How important are microbes in the human diet? And does it matter which ones we eat?
“Maybe we’re not too far from proving the following; the dietary guidelines, the My Plate guidelines, should include fermented foods, including those that contain live microorganisms, as part of a healthy diet,” says Bob Hutkins, PhD, a professor at the University of Nebraska (and TFA Advisory Board member). Hutkins explored this hypothesis during his standing-room only presentation at FERMENTATION 2022 titled The Microbes We Should (or Shouldn’t) Be Eating.
He estimates, just like the daily fiber recommendations were granted based primarily on epidemiological studies, fermented foods are going through the same process. And one day there may be a daily fermented food recommendation.
Why Should We Be Eating Live Microbes?
Highly processed foods, prolific use of antibiotics, and overly hygienic environments have resulted in significantly less exposure to microbes. This includes those microbes that help to maintain a healthy gut microbiome and that keep our immune system functioning properly. Indeed, according to the so-called Old Friend’s Hypothesis, exposure to microbes is necessary for proper development of the immune system. This is especially true for Western countries. One highly-cited study published in Lancet found Inflammatory Bowel Diseases (IBDs) like Crohn’s Disease and Ulcerative Colitis — “are predominantly associated with Western populations. You rarely see these diseases in other parts of the world,” Hutkins says.
“In the Covid era, we have certainly learned that preventing infectious diseases remains a major challenge, and being a bit germophobic is understandable. Certainly, modern food technology that includes pasteurization has significantly reduced pathogen risk, improved food safety, enhanced shelf life, and reduced food waste. Nonetheless, our environment has often become too clean, too hygienic and we are no longer exposed to microbes,” he adds.
Another study based on research in Finland found the Old Friend’s Hypothesis holds true for development of allergies, asthma, and eczema. As the authors noted “changes in environment and lifestyle, affecting microbial exposure and immune regulation, seem to play a major role in the so-called post-war allergy epidemic”. Indeed, in a 2002 editorial in the New England Journal of Medicine, three “old-school” lifestyle approaches were mentioned for protecting against the development of allergies: supplementing with lactobacillus (the bacteria found in fermented foods), owning a dog in your home and attending daycare.

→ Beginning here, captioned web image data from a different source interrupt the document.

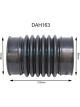 Dayco Air Intake Hose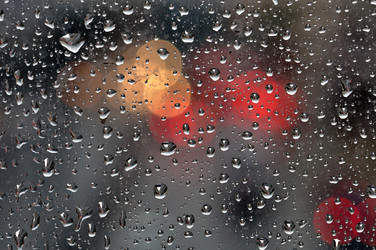 Similar image 1425298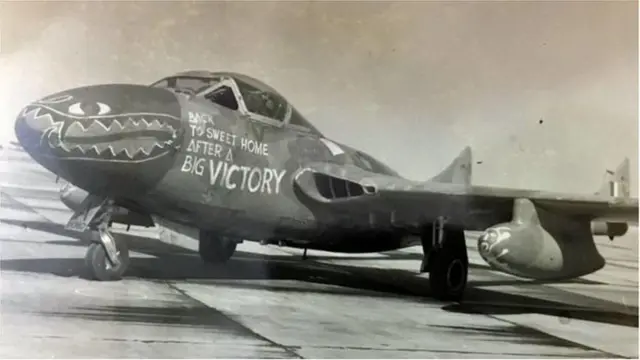 బంగ్లాదేశ్ ఆవిర్భావానికి ముందు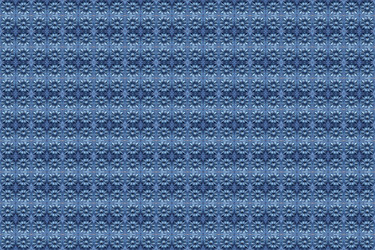 Similar image 2642971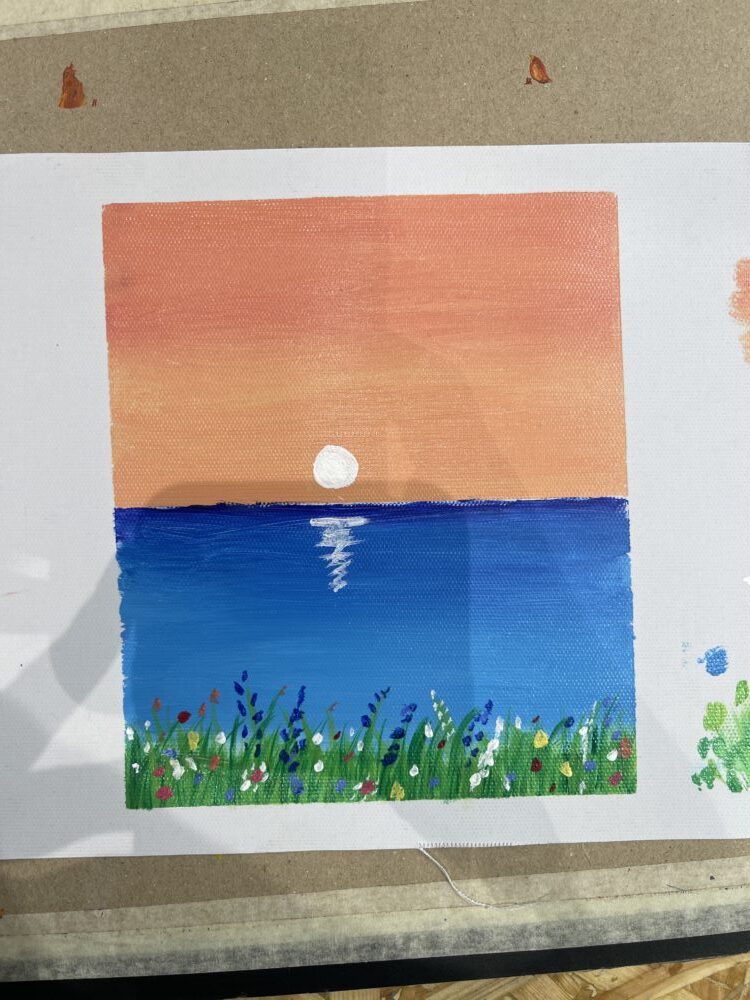 Tác phẩm Phạm Thị Phúc | 2026-02-28 32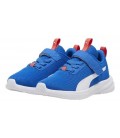 ZAP. PUMA RICKIE RUNNER AC+PS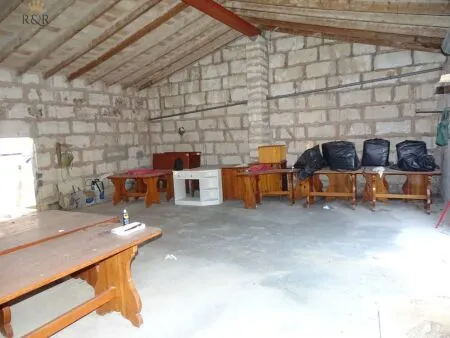 Building Site - Santa Margalida, Built Surface 80m², Plot Surface 409m² — photo 3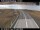 Webcam in Reyðarfjörður, 10.8 km
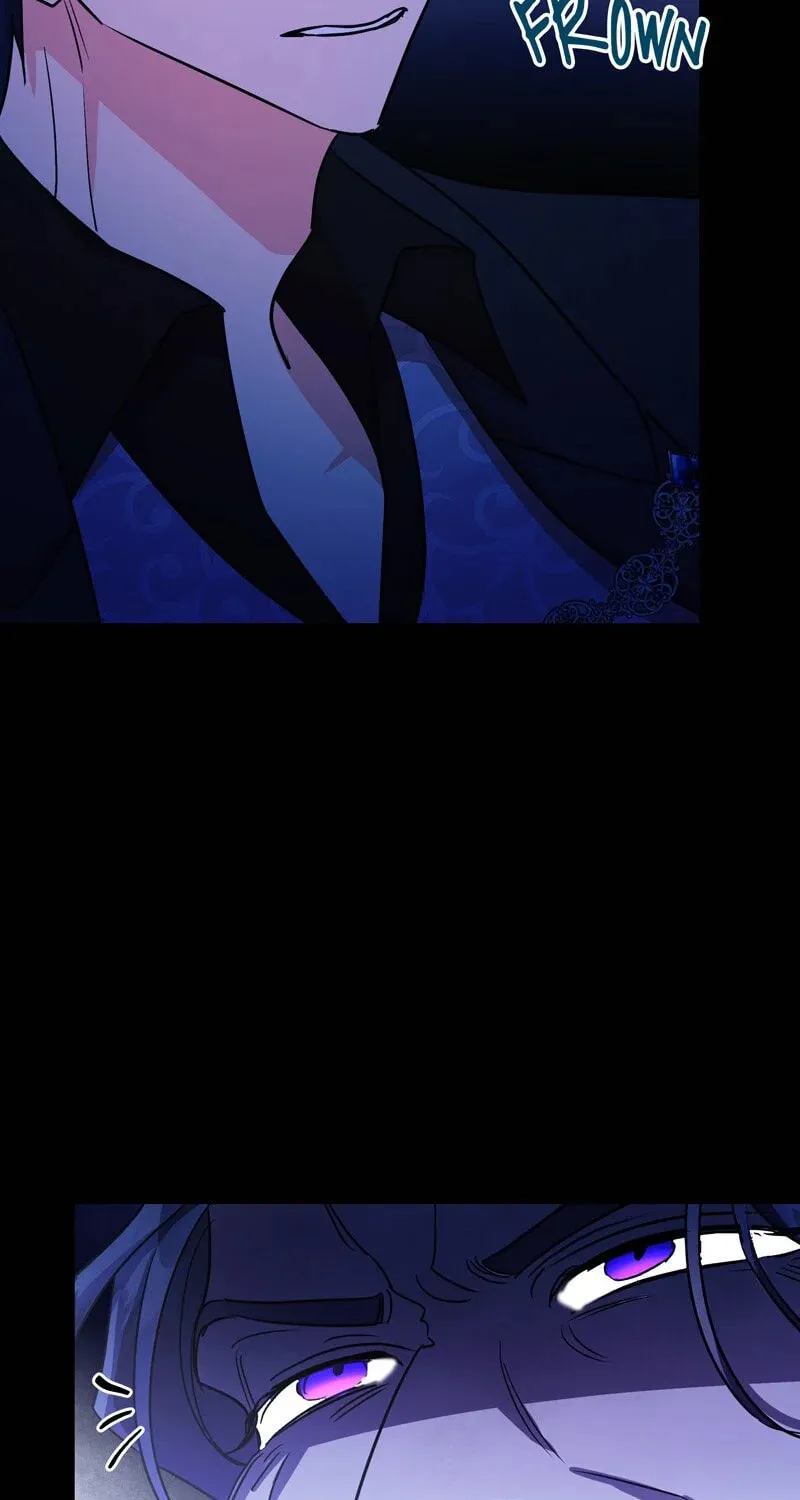 The Evil Grand Duchess Has a Secret Life Chapter 65 page 99 - 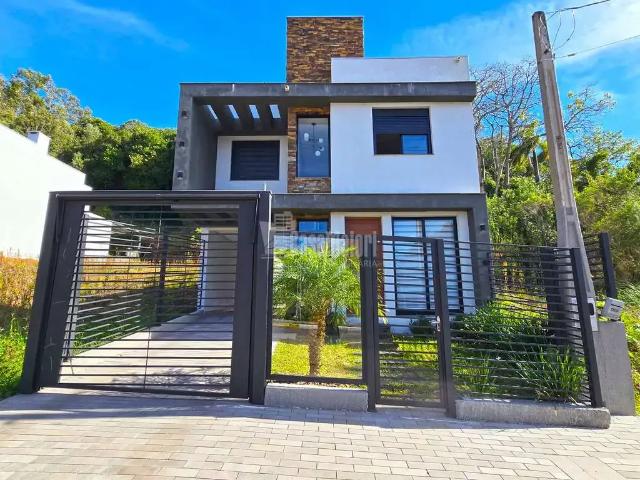 Casa venda em Região Geográfica Imediata de Bento Gonçalves, Bento Gonçalves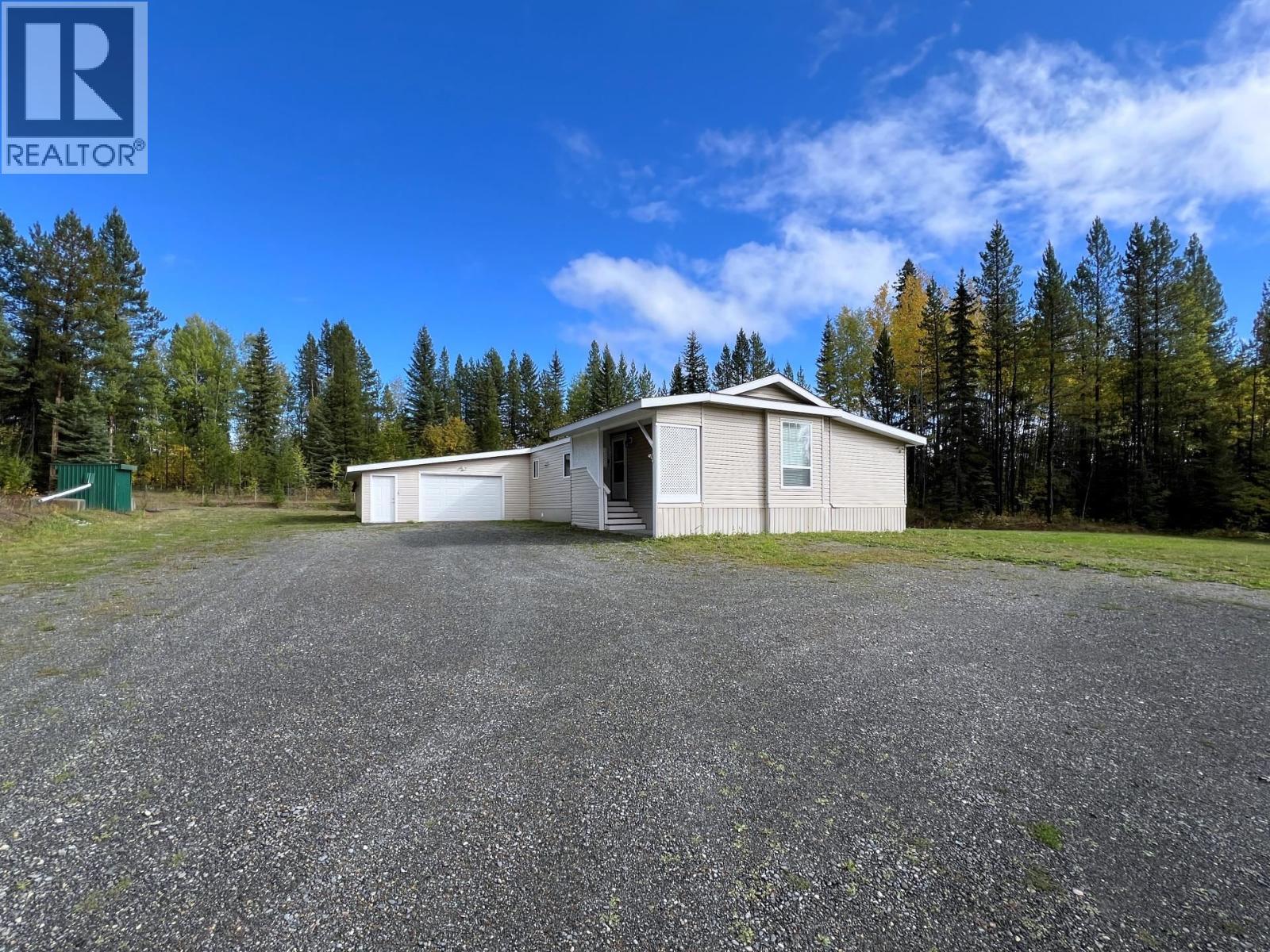 3165 Niquidet Street Property Photo 37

Consuming Live Microbes Benefits Human Health
To address this situation, Hutkins and other food scientists are proposing adding fermented foods to the Recommended Dietary Guidelines, along with the daily dose of nutrients and vitamins.
“One of the main challenges however, will be to distinguish between nutrients and microbes,” Hutkins says.
The International Scientific Association for Probiotics and Prebiotics (ISAPP) has explored this further. A panel of ISAPP microbiologists, nutritionists, doctors and statisticians (including Hutkins) used the National Health and Nutrition Examination Survey (NHANES) to deep dive into the American diet. The NHANES database catalogs what adults and children are eating, then collects health indicators for associated diseases.
ISAPP researched the estimated live microbes in foods to find sufficient evidence that a live dietary microbe intake should be a part of a dietary recommendation. It was a big undertaking, since there are 9,388 foods inNHANES. ISAPP ranked each food’s microbial count. They found microbial count was low for processed, heat-processed foods, medium level for fresh fruit and vegetables and high for fermented foods, like fermented dairy (yogurt, fresh cheese) and fermented vegetables.
“Ninety-six percent of the foods we eat are in the low” count for microbes, he said. “Hardly any were in the fermented category, around one percent.”
Still, not all live microbes are the same. The microbes considered healthy – lactic acid bacteria and bifidobacteria – are only dominant in fermented foods. Most of the live microbes consumed in the average diet are proteobacteria from fresh fruits and vegetables.
The Institute for the Advancement of Food and Nutrition Sciences, which catalogs nutrition labels for all USDA food data, now has a space for a brand to enter the amount of live microbes in their product. There’s a dropdown menu to add genus and species of a probiotic strain, too.
“This new effort is a way to introduce the live microbes in the database,” Hutkins says, noting a company would have to enter it voluntarily. “They’re offering a noncompetitive, objective, transparent mechanism for stakeholders to understand live microbe intake and eventually link intake to health outcomes.”